All Products
Search
Document Center

DataWorks:View lineages

Last Updated:Aug 20, 2024

The Data Map service of DataWorks allows you to view the lineage details of a table or a DataService Studio API on the details page of the table or DataService Studio API. You can use lineage details to trace and manage data. This topic describes how to view lineages in Data Map.

Table lineages

Entry point for viewing lineages

Go to the details page of the table whose lineage details you want to view and click the Lineage tab to view table-level and field-level lineage details. You can also perform the following operations on the tab: analyze impacts, obtain a list of descendant tables of the current table and download the list to your on-premises machine, and configure parameters to allow the system to send change notifications by email.

Note

Data Map allows you to view lineages between tables and between fields. The lineages are obtained by parsing the data of scheduling jobs and the data flow information. Lineages that are generated by manual operations, such as ad hoc queries, are not included. Lineage details are collected in offline mode and updated with a delay of one day.

image.png

Limits on different types of data sources

E-MapReduce

  • If you want to manage metadata for a DataLake or custom cluster in DataWorks, you must configure EMR-HOOK in the cluster first. If you do not configure EMR-HOOK in the cluster, data lineages cannot be displayed in DataWorks. For more information about how to configure EMR-HOOK, see Use the Hive extension feature to record data lineage and historical access information.

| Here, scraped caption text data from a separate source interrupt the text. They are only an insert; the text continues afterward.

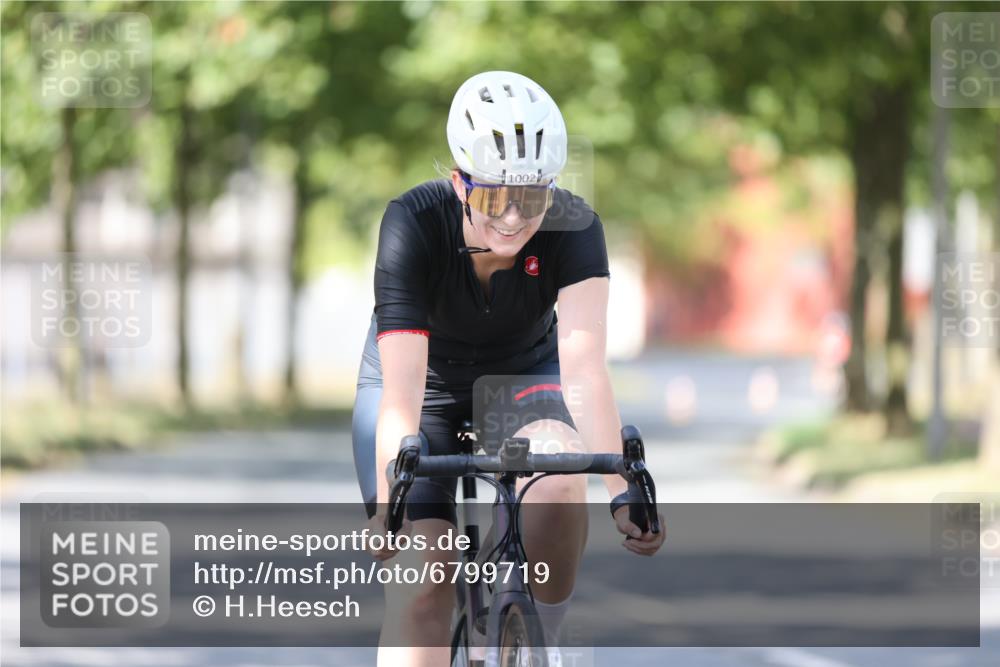 11.08.2024 - GEWOBA Citytriathlon Bremen H.Heesch http://msf.ph/oto/6799719 11.08.2024 11:57:33 Laufen  meine-sportfotos.de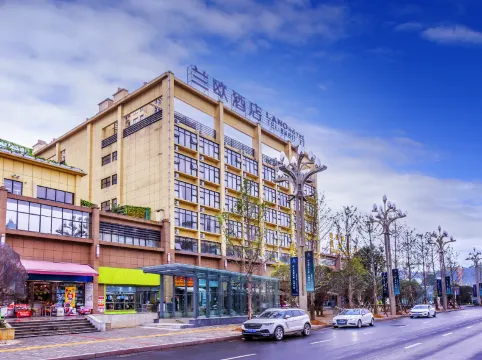 LANOU Hotel (Guiyang Quanhu Park Subway Station)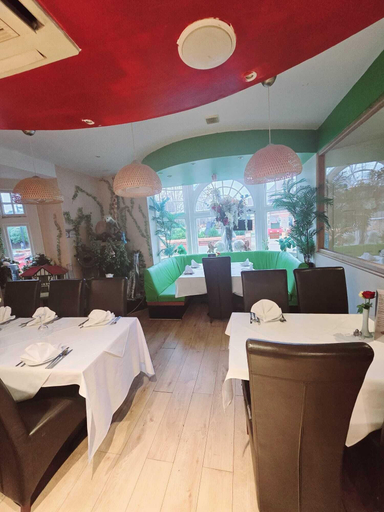 Restaurant 4, Oyo Kingswood Hotel, Windsor and Maidenhead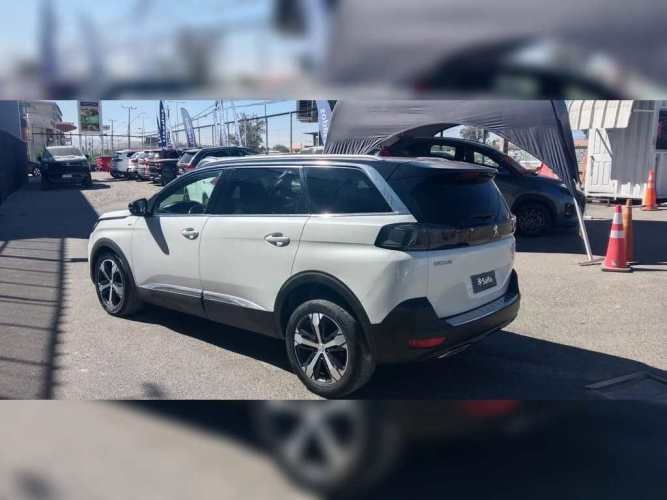 PEUGEOT 5008 2022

  • You cannot view data lineages of a Spark cluster that is created on the EMR on ACK page or data lineages of an EMR Serverless Spark cluster.

  • You cannot view data lineages of a task that is developed by using an EMR Presto node.

AnalyticDB for MySQL

For AnalyticDB for MySQL tables, specific SQL statements do not support the generation of lineages in Data Map.

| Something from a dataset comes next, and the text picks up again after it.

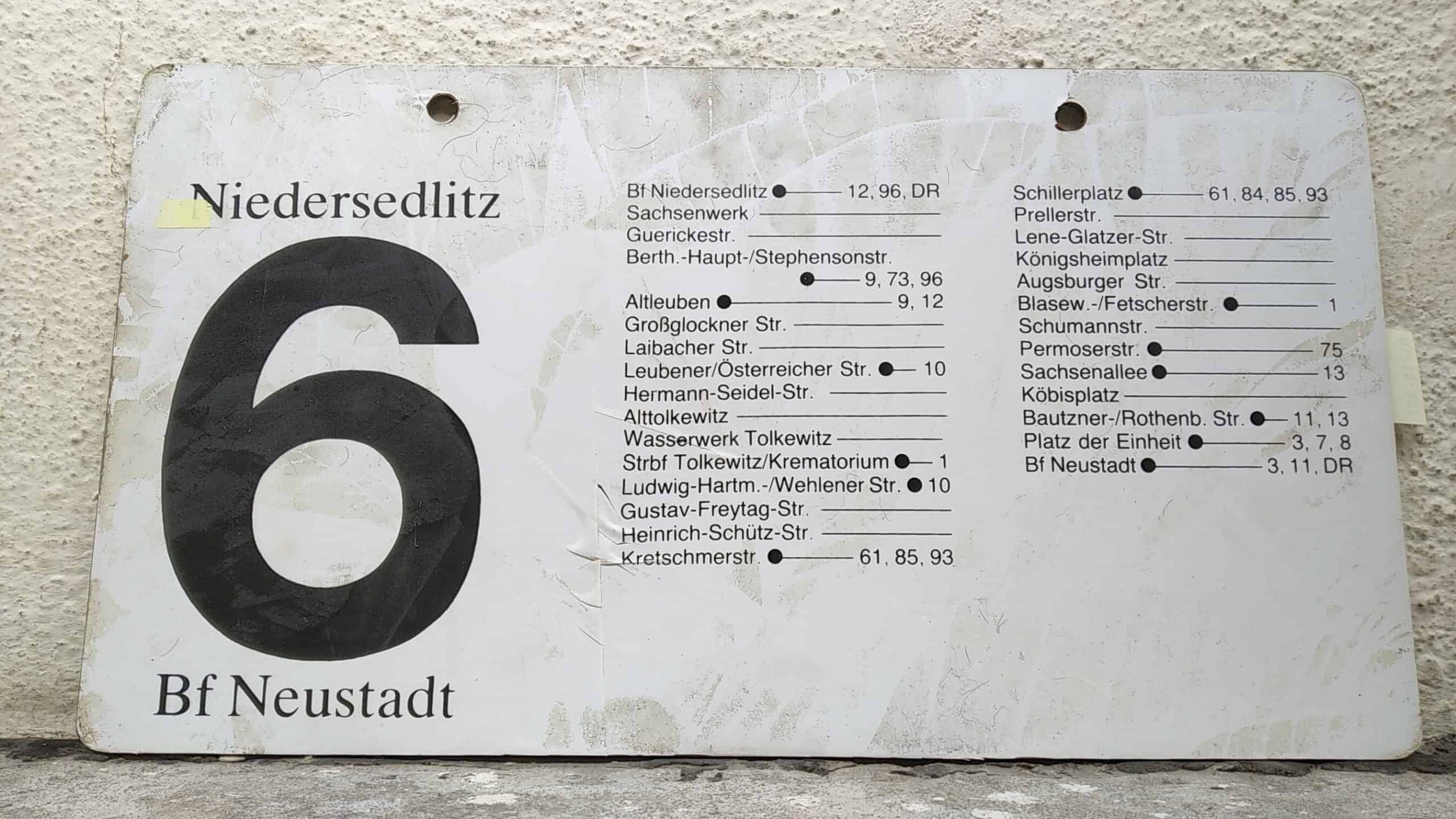 Ein seltenes Straßenbahn-Linienschild aus Dresden der Linie 6 von Niedersedlitz nach Bf Neustadt #2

  • SQL statements that do not support the display of lineages in Data Map

    Unsupported SQL statement

    Example

    SQL statements that contain the join and union keywords or an asterisk (*)

    For example, Data Map cannot display lineages for the following SQL statement because the SQL statement contains an asterisk (*):

    insert into test select * from test1, test2 where test1.id = test2.id

    SQL statements that contain subqueries

    For example, Data Map cannot display lineages for the following SQL statement because the SQL statement contains a subquery:

    SELECT column1, column2 FROM table1 WHERE column3 IN (SELECT column4 FROM table2 WHERE column5 = 'value')
  • Sample SQL statements that support the display of lineages

    • Example 1: Create Table A that does not contain column information and select specific columns from Table B as the content of Table A. The SQL statement does not contain an asterisk (*). Sample statement:

      create table test as select id,name from test1;
    • Example 2: Insert specific columns that meet the column1= value1 condition from Table A into Table B that does not contain column information. The SQL statement does not contain an asterisk (*). Sample statement:

      insert into test select id,name from test1 where name='test';
    • Example 3: Insert specific columns from Table A into Table B in a database and overwrite data in Table B. The SQL statement does not contain an asterisk (*). Sample statement:

      INSERT OVERWRITE INTO db_name.test SELECT id,name from test1;

CDH

If you want Data Map to display the lineages of tables whose data is processed by CDH Spark SQL nodes and CDH Spark nodes in a specific data processing module, you can configure the parameters on the Spark-related Parameter tab of the related CDH cluster on the Cluster Management page in SettingCenter.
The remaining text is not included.